The normality assumption is an approximation.

  • Works reasonably well for “typical” days
  • Fails badly for extreme events (crashes, rallies)

Implications:

  • Risk management: VaR and other risk measures based on normality underestimate tail risk
  • Option pricing: Black-Scholes assumes normality; real option prices reflect fat tails
  • Portfolio optimization: Mean-variance optimization ignores higher moments

For this course: We’ll continue using normal-based methods because they’re tractable and widely used—but always remember the limitation.

Part IV: Why Prediction Is Hard

Can We Predict Returns?

Autocorrelation: Does yesterday’s return predict today’s?

If returns were predictable from their own past, we could profit from it.

Empirical finding: Autocorrelations in stock returns are tiny (typically \(|\rho| < 0.05\)).

  • Statistically significant with enough data? Sometimes.
  • Economically significant after transaction costs? Rarely.

Using other predictors: What about dividend yield, P/E ratio, interest rates?

Researchers have tested hundreds of variables. The sobering result:

Goyal and Welch (2008)

Most variables that predict returns in-sample fail to predict out-of-sample. The simple historical average is hard to beat.

“A Comprehensive Look at the Empirical Performance of Equity Premium Prediction,” Review of Financial Studies

In-Sample vs. Out-of-Sample: A Preview

In-sample: How well does the model fit the data used to estimate it?

Out-of-sample: How well does the model predict new data it hasn’t seen?

The problem: In-sample performance is overly optimistic.
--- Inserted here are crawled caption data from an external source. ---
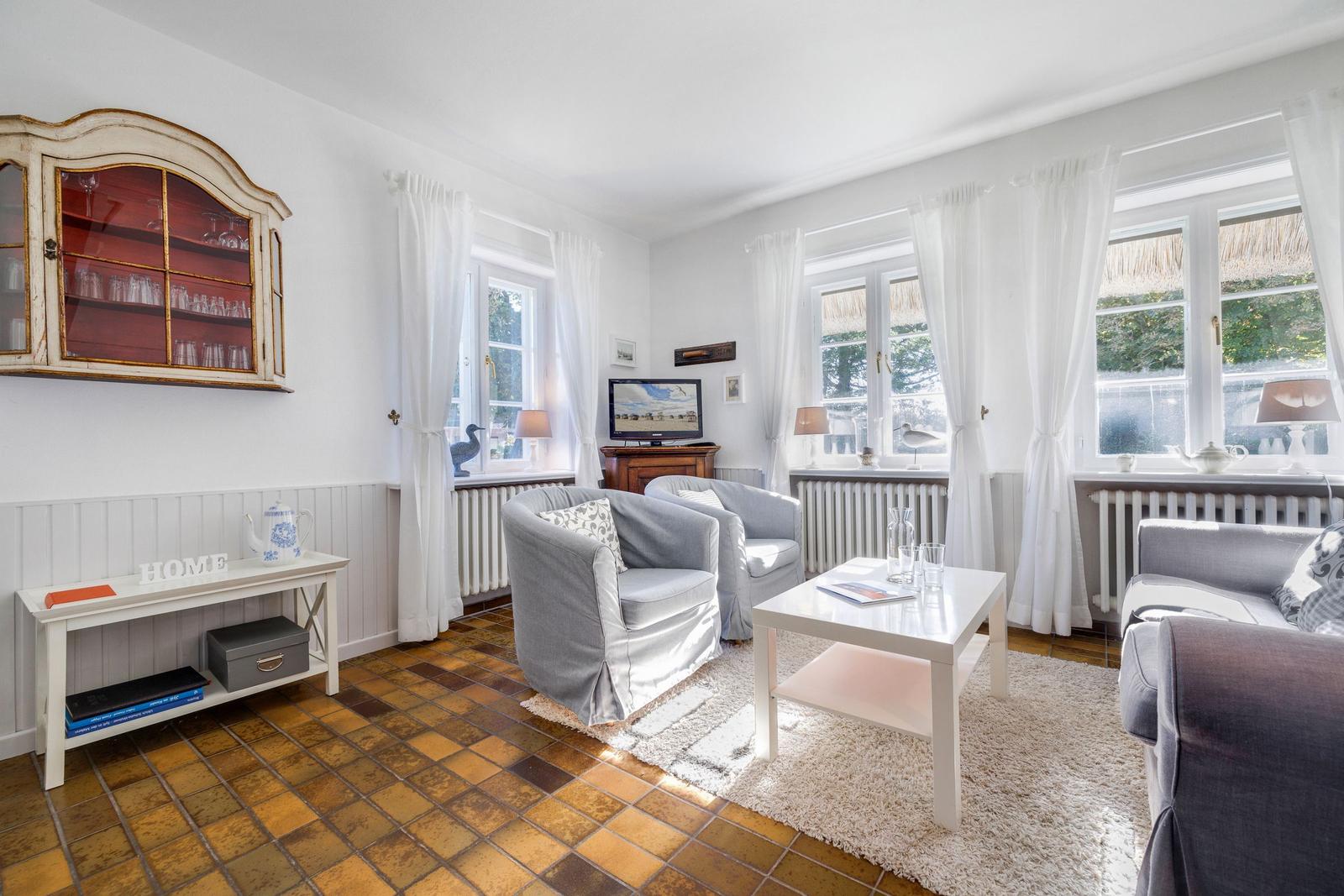Living room with gray chairs, white table, and windows with white curtains.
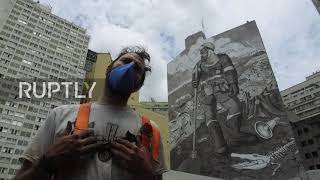Brazil: Artist creates mural with ashes from Amazon fires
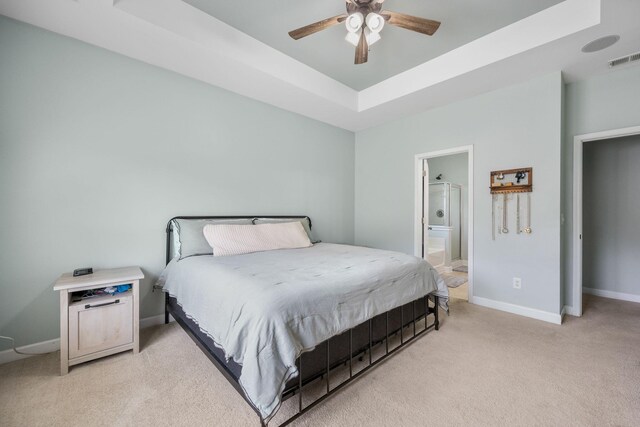 201 Maywood Dr, Moncks Corner, SC 29461 - bedroom with a tray ceiling, light colored carpet, ensuite bath, and a ceiling fan
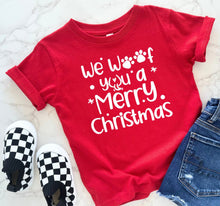 Load image into Gallery viewer, Red t-shirt with 'we woof you a Merry Christmas' text, checkered shoes, and jeans on a light background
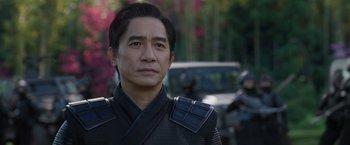 Movie still from “Shang-Chi and the Legend of the Ten Rings” (2021), directed by Destin Daniel Cretton – A person wearing a uniform; Close Up shot, Over the shoulder angle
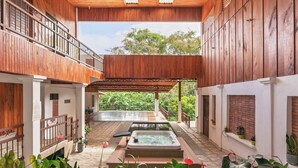 A spa area with a hot tub and a pool, surrounded by wooden walls and potted plants. - Hotel Ribera La Paz (Piedades Norte)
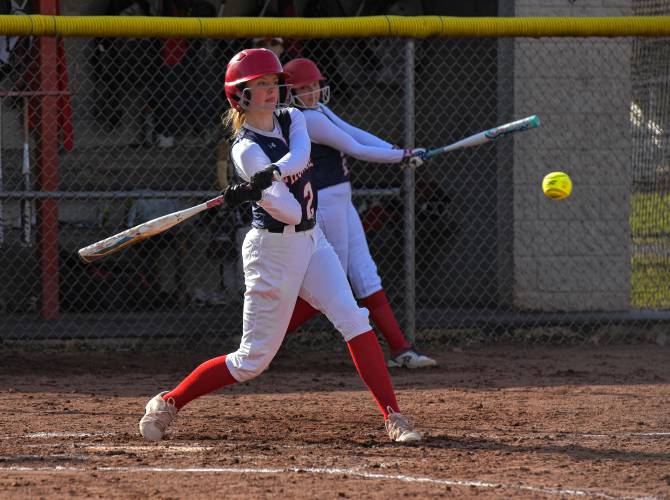 Frontier’s Whitney Campbell (2) takes a swing against Agawam during the Redhawks’ season opener on Friday at Zabek Field in South Deerfield.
  • Coefficients are “tuned” to fit the specific noise in the estimation sample
  • This is called overfitting—the model fits noise, not signal
  • Out-of-sample, the noise is different, so the fit degrades

This is why ML exists. Much of this course is about techniques to avoid overfitting and improve out-of-sample performance:

  • Cross-validation
  • Regularization
  • Ensemble methods

We’ll return to IS/OOS evaluation in depth when we cover regression (Week 5).

Summary and Looking Ahead

Today’s Key Results

Part I: From Returns to Wealth

  • Log returns assumed normal \(\implies\) wealth is log-normal
  • Expected wealth includes a variance boost: \(\mathbb{E}[W_T] = W_0 e^{T\mu + T\sigma^2/2}\)
  • Mean \(>\) Median: most investors earn less than the expected value

Part II: Estimation Risk

  • We estimate \(\mu\) with error; this adds additional upward bias
  • Bias factor \(e^{T^2\sigma^2/2N}\) grows with horizon squared
  • Long-horizon wealth projections are doubly biased

Part III: The Normality Assumption Is Approximate

  • Returns have fat tails (excess kurtosis \(\approx 25\))
  • Extreme events happen far more often than normal predicts
  • Black Monday (1987): a 23-sigma event under normality

Part IV: Prediction Is Hard

  • Autocorrelations are tiny; most predictors fail out-of-sample
  • Overfitting is the enemy; out-of-sample testing is essential

What’s Next

Next week: Introduction to Machine Learning

  • What is ML? Traditional programming vs. learning from data
  • Types of learning: supervised, unsupervised, reinforcement
  • The ML formalism: models, loss functions, algorithms
  • Regression vs. classification

The rest of the course:

  • Clustering, regression, classification
  • Regularization and cross-validation
  • Ensemble methods, neural networks, text analysis

Today’s foundation carries through: We’re always estimating something from noisy data, always at risk of overfitting, always needing to check out-of-sample.